Reputation: 2928
I'm working on a piece of code to split files. I want to split flat file (that's ok, it is working fine) and xml file. The idea is to split based of a number of files to split: I have a file, and I want to split it in x files (x is a parameters). I'm doing the split by taking the size of the file and spliting the size by the number of files to split. Then, mysolution was to use a BufferedReader and to use it like
while ((n = reader.read(buffer, 0, buffer.length)) != -1) {
{
The main problem is that for the xml file I cannot just split it, but I have to split it based on a block delimited by a start xml tag and end xml tag:
<start tag>
bla bla xml stuff
</end tag>
So I cannot cut a block at the middle. So if when I'm at the half of a block, is the size of my new file is greater than my max, I will have to read until the end of the tag, and then, to start a next file.
The problem is that I have all sort of cases, and is a bit difficult to search the end tag. - the block reads a text until the middle of the end tag - the block reads a text until the end of the end tag, and no more other caracter after - etc and in the same time to have a loop and read the next block. Some times the end of a block concatenated with the start of the next one, I have the end xml tag. I hope you get the idea.
My question is, does anyone have some algorithm that does that more accurate and who i treating all special cases ?
The idea is to split the file as quickly as possible. I did not want to use a lib to treat the file as a xml file because the size of a block cand be smaller or very large, and I don't know if the memory will be enough. Or there is some lib that does not load all in memory?
Thanks alot.
Here below an example of my xml file;
<?xml version="1.0" encoding="UTF-8" ?>
<myTag service="toto" version="1.5.18" >
<endOfPeriodTradeNotification version="1.5.18">
.............
</endOfPeriodTradeNotification>
<endOfPeriodTradeNotification version="1.5.18">
.............
</endOfPeriodTradeNotification>
<endOfPeriodTradeNotification version="1.5.18">
.............
</endOfPeriodTradeNotification>
<inventoryDate>2009-12-31</inventoryDate>
<!-- reporting date -->
<processingDate>2010-01-29T00:00:00</processingDate>
</myTag>
I forgot one thing: my xml file could be all written on the first line, so I cannot gues that one line has one tag.
Upvotes: 1
Views: 3046
Reputation: 3377
The best tool to split xml files is, hands down, vtd-xml.
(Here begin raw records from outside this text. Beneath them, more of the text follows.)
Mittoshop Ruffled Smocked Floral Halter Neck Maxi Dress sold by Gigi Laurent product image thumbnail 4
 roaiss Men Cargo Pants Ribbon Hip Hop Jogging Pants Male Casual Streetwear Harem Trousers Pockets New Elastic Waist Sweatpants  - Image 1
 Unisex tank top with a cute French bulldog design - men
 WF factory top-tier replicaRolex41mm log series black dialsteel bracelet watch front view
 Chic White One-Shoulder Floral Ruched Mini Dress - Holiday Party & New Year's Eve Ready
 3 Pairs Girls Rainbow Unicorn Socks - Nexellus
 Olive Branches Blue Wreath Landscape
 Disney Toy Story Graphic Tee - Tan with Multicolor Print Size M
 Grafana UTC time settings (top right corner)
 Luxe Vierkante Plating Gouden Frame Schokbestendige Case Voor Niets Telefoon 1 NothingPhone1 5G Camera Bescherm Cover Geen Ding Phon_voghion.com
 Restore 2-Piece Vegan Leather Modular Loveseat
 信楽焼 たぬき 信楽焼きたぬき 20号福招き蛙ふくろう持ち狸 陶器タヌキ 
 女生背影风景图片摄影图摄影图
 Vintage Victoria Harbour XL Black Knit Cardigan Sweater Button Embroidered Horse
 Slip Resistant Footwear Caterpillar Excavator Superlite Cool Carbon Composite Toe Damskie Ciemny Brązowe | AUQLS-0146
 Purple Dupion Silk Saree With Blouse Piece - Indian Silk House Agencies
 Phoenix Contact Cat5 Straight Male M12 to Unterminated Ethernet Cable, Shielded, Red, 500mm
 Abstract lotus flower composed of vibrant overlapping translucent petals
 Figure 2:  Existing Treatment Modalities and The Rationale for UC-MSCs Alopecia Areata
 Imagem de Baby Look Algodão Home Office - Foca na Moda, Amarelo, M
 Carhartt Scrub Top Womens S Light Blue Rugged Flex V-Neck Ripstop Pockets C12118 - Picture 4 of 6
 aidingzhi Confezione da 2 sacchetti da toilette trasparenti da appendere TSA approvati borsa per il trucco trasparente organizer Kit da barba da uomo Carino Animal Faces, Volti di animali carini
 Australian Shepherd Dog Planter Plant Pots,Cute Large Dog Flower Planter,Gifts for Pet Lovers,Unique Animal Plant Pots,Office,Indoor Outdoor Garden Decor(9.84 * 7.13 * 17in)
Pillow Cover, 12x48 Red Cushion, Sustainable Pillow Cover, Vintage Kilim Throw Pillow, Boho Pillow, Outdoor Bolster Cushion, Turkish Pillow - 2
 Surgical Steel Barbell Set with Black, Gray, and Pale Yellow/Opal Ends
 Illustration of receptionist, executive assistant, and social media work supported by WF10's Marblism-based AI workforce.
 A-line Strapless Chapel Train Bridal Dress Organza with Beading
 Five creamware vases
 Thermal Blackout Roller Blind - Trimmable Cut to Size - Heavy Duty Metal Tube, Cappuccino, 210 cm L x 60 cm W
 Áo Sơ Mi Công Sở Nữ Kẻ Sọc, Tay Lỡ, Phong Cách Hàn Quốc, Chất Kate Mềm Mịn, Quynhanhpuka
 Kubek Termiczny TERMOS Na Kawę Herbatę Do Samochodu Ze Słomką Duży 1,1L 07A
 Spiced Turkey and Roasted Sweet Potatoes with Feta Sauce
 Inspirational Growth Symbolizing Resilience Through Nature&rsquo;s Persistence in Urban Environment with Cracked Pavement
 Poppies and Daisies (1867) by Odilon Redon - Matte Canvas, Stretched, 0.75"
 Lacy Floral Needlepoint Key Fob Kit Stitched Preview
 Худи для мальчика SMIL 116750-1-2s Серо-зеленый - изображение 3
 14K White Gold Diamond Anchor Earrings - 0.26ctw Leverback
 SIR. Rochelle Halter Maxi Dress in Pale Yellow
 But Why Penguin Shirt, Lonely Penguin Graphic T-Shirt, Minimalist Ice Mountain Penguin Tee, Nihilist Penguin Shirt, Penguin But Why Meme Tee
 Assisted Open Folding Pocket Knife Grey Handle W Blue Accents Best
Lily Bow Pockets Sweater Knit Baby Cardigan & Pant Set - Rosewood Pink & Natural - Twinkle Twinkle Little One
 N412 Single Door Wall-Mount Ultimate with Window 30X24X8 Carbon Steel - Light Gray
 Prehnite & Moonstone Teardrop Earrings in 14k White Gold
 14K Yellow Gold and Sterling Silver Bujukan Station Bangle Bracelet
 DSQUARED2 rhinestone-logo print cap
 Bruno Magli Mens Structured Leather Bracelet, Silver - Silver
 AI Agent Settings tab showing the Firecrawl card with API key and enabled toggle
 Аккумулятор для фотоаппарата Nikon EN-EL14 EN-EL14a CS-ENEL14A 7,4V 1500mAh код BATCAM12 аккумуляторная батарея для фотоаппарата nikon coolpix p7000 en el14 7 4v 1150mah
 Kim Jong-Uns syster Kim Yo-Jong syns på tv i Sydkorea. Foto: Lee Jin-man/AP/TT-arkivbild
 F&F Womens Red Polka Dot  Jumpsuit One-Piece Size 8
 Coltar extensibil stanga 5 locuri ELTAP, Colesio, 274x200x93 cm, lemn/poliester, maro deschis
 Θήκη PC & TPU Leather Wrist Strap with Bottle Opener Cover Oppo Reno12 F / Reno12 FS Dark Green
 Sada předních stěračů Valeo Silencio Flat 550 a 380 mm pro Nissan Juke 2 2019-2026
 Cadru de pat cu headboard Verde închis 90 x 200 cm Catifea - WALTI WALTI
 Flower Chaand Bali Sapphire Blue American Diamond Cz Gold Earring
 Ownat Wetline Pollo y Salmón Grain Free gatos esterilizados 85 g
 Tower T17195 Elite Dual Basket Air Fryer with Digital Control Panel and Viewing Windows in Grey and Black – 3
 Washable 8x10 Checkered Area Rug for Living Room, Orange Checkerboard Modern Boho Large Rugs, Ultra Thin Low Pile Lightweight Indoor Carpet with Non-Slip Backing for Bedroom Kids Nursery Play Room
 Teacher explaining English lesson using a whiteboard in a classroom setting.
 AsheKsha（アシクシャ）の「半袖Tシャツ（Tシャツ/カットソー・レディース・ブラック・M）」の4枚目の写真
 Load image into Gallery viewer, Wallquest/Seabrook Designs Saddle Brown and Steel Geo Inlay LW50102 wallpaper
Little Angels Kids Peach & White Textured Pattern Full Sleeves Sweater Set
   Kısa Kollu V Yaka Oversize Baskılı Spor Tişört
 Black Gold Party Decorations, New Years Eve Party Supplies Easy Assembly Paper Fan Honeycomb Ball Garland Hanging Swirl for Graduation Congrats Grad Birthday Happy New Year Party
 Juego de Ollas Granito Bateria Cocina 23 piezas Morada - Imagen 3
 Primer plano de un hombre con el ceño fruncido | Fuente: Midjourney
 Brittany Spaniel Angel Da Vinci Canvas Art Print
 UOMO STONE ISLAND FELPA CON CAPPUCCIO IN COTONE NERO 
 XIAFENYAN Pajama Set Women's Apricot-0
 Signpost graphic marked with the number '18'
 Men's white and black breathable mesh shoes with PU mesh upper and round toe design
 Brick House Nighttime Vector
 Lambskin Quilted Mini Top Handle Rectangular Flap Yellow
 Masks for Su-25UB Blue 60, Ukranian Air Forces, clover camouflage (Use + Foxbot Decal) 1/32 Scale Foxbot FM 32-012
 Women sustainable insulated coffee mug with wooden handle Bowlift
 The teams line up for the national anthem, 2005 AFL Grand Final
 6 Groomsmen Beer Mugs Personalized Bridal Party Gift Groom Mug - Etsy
Not only is it super fast, it is also super easy to code your app, eg using xpath.
Upvotes: 0
Reputation: 6956
Although you have stated that you don't want to use a lib that treats it as an XML file. You might want to consider using SAX.
Using SAX, rather than DOM, your fears about memory are allayed, as the whole file is not loaded into memory, but events occur as your application reads the file and encounters XML landmarks such as start and end tags.
SAX is also pretty fast.
This quickstart guide should help: http://www.saxproject.org/quickstart.html
Upvotes: 1
Reputation: 420951
Provided the end-tags that you're after are on lines by them selves, you could simply do
String line;
while ((line = reader.readLine()) != null)
instead of:
while ((n = reader.read(buffer, 0, buffer.length)) != -1)
and then split into a new file whenever line
matches an end-tag and the current file is large enough.
If they are not lines by them selves, you could line.find(...)
the tag instead, split the line, put the first part in the current file, and save the second part for the next file.
However, as pointed out in the comments, the splitted xml-files will be far from valid xml, unless you take care of a few things. For instance, the first part may look like:
<?xml version="1.0" encoding="UTF-8" ?>
<myTag service="toto" version="1.5.18" >
<endOfPeriodTradeNotification version="1.5.18">
.............
</endOfPeriodTradeNotification>
<endOfPeriodTradeNotification version="1.5.18">
and that's not valid xml. neither is
<inventoryDate>2009-12-31</inventoryDate>
<!-- reporting date -->
<processingDate>2010-01-29T00:00:00</processingDate>
</myTag>
Upvotes: 0